◆ GIVEN MATERIAL ◆

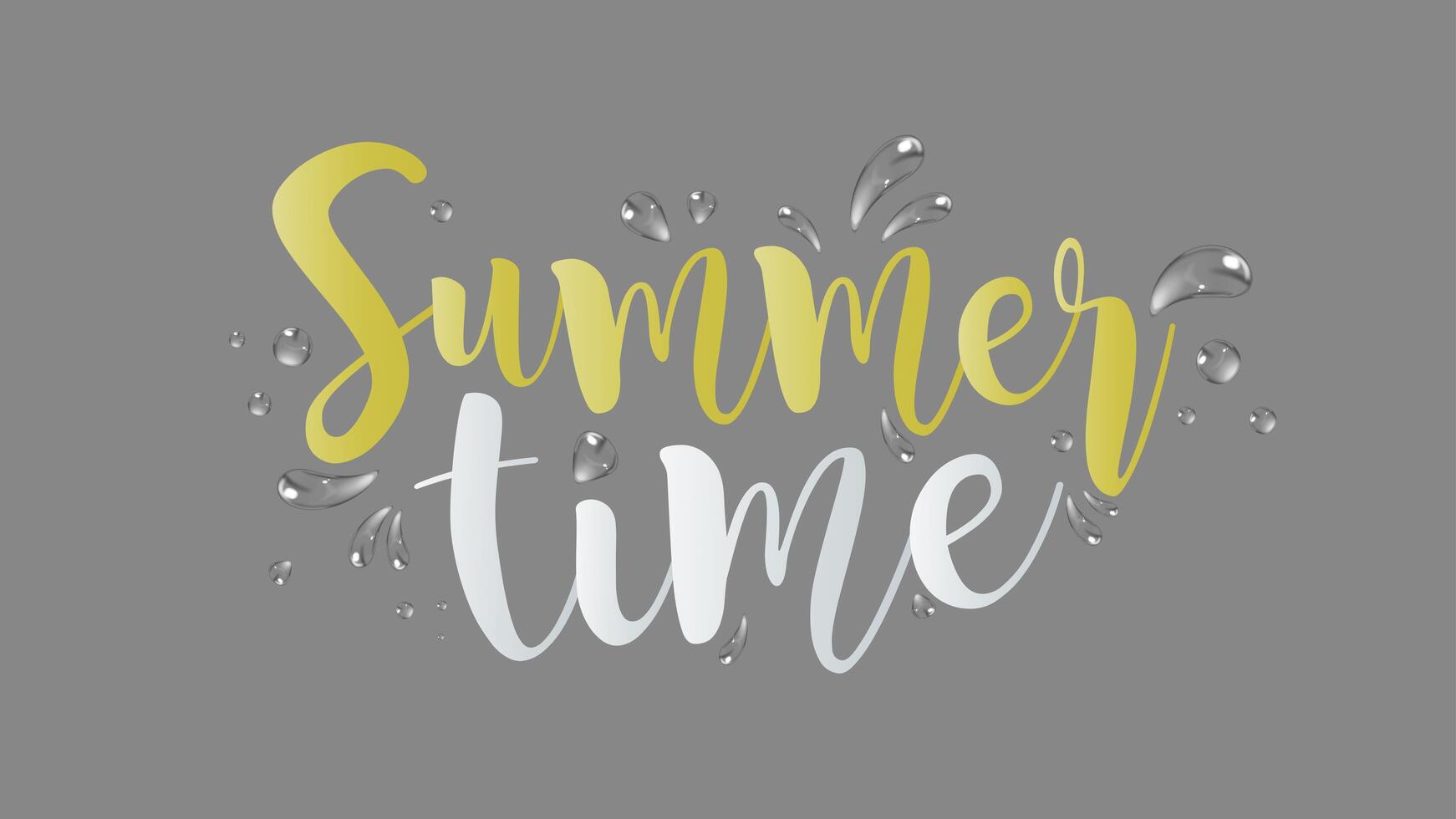 Summer time handwritten font. Realistic splashes of water. Beautiful lettering for banners and posters on the summer theme. Vector illustration.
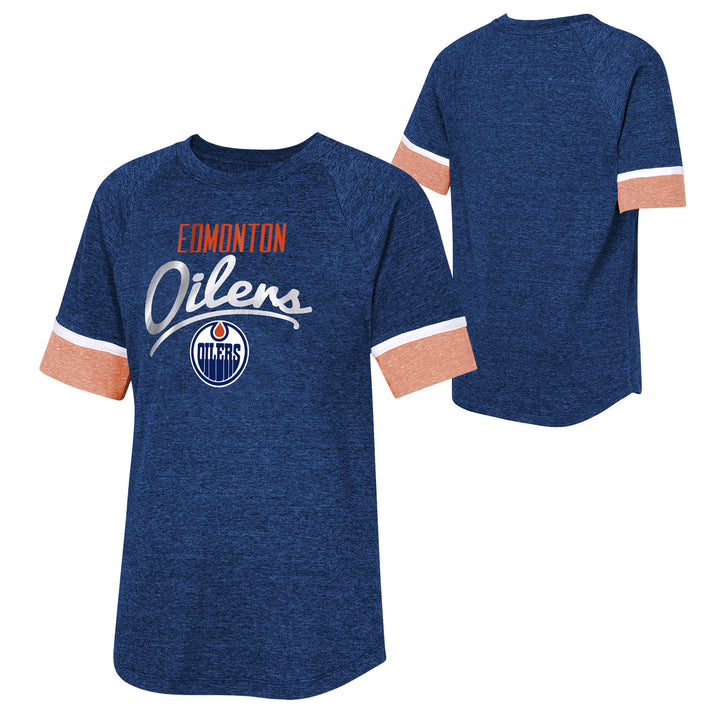 Edmonton Oilers Outerstuff Youth Color Block Blue T-Shirt
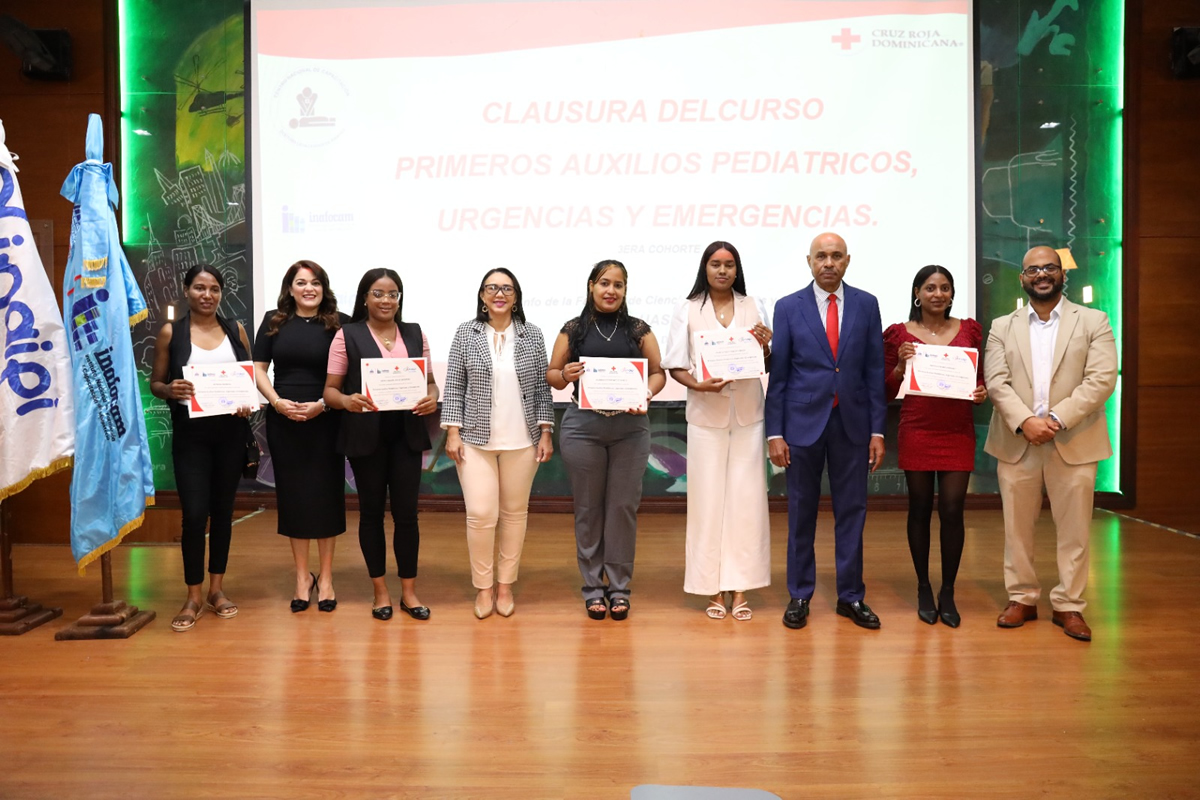 INAIPI, INAFOCAM y la Cruz Roja Dominicana clausuran tercera versión del curso intensivo en Primeros Auxilios Pediátricos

◆ TRY IT ◆
Repeat all the material exactly, but keep pictures out of the copy.

◆ EXERCISE OUTPUT ◆
 Summer time handwritten font. Realistic splashes of water. Beautiful lettering for banners and posters on the summer theme. Vector illustration.
 Edmonton Oilers Outerstuff Youth Color Block Blue T-Shirt
 INAIPI, INAFOCAM y la Cruz Roja Dominicana clausuran tercera versión del curso intensivo en Primeros Auxilios Pediátricos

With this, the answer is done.